- TASK TO COMPLETE
Transcribe every entry precisely, omitting nothing.

- EXTRACTED MATERIAL

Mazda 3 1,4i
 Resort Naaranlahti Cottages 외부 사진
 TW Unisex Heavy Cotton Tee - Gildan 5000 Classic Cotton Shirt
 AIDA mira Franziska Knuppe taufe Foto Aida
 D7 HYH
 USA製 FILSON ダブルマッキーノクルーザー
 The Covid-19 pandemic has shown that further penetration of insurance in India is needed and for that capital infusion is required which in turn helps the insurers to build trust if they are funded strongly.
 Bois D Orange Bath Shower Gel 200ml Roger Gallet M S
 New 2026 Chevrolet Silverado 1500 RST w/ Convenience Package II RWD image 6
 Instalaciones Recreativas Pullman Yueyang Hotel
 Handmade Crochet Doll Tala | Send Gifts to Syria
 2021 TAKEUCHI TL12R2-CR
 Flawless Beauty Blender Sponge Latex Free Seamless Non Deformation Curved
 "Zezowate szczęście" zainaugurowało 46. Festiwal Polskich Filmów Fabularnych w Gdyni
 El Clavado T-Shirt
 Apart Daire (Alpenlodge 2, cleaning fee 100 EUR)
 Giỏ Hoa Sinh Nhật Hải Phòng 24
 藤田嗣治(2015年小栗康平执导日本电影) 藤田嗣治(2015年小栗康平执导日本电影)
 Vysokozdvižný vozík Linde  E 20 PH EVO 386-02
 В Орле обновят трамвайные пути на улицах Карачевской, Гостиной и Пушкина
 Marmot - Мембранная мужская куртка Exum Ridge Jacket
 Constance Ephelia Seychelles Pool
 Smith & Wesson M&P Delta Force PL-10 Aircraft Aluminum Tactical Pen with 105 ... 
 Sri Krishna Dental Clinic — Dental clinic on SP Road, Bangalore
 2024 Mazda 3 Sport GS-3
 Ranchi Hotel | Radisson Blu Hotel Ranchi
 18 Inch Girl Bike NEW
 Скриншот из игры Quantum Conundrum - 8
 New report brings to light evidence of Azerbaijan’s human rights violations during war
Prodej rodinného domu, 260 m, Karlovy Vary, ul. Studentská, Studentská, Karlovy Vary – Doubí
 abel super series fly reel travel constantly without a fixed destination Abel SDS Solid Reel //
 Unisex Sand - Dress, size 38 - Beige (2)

- REPLY
Mazda 3 1,4i
 Resort Naaranlahti Cottages 외부 사진
 TW Unisex Heavy Cotton Tee - Gildan 5000 Classic Cotton Shirt
 AIDA mira Franziska Knuppe taufe Foto Aida
 D7 HYH
 USA製 FILSON ダブルマッキーノクルーザー
 The Covid-19 pandemic has shown that further penetration of insurance in India is needed and for that capital infusion is required which in turn helps the insurers to build trust if they are funded strongly.
 Bois D Orange Bath Shower Gel 200ml Roger Gallet M S
 New 2026 Chevrolet Silverado 1500 RST w/ Convenience Package II RWD image 6
 Instalaciones Recreativas Pullman Yueyang Hotel
 Handmade Crochet Doll Tala | Send Gifts to Syria
 2021 TAKEUCHI TL12R2-CR
 Flawless Beauty Blender Sponge Latex Free Seamless Non Deformation Curved
 "Zezowate szczęście" zainaugurowało 46. Festiwal Polskich Filmów Fabularnych w Gdyni
 El Clavado T-Shirt
 Apart Daire (Alpenlodge 2, cleaning fee 100 EUR)
 Giỏ Hoa Sinh Nhật Hải Phòng 24
 藤田嗣治(2015年小栗康平执导日本电影) 藤田嗣治(2015年小栗康平执导日本电影)
 Vysokozdvižný vozík Linde  E 20 PH EVO 386-02
 В Орле обновят трамвайные пути на улицах Карачевской, Гостиной и Пушкина
 Marmot - Мембранная мужская куртка Exum Ridge Jacket
 Constance Ephelia Seychelles Pool
 Smith & Wesson M&P Delta Force PL-10 Aircraft Aluminum Tactical Pen with 105 ... 
 Sri Krishna Dental Clinic — Dental clinic on SP Road, Bangalore
 2024 Mazda 3 Sport GS-3
 Ranchi Hotel | Radisson Blu Hotel Ranchi
 18 Inch Girl Bike NEW
 Скриншот из игры Quantum Conundrum - 8
 New report brings to light evidence of Azerbaijan’s human rights violations during war
Prodej rodinného domu, 260 m, Karlovy Vary, ul. Studentská, Studentská, Karlovy Vary – Doubí
 abel super series fly reel travel constantly without a fixed destination Abel SDS Solid Reel //
 Unisex Sand - Dress, size 38 - Beige (2)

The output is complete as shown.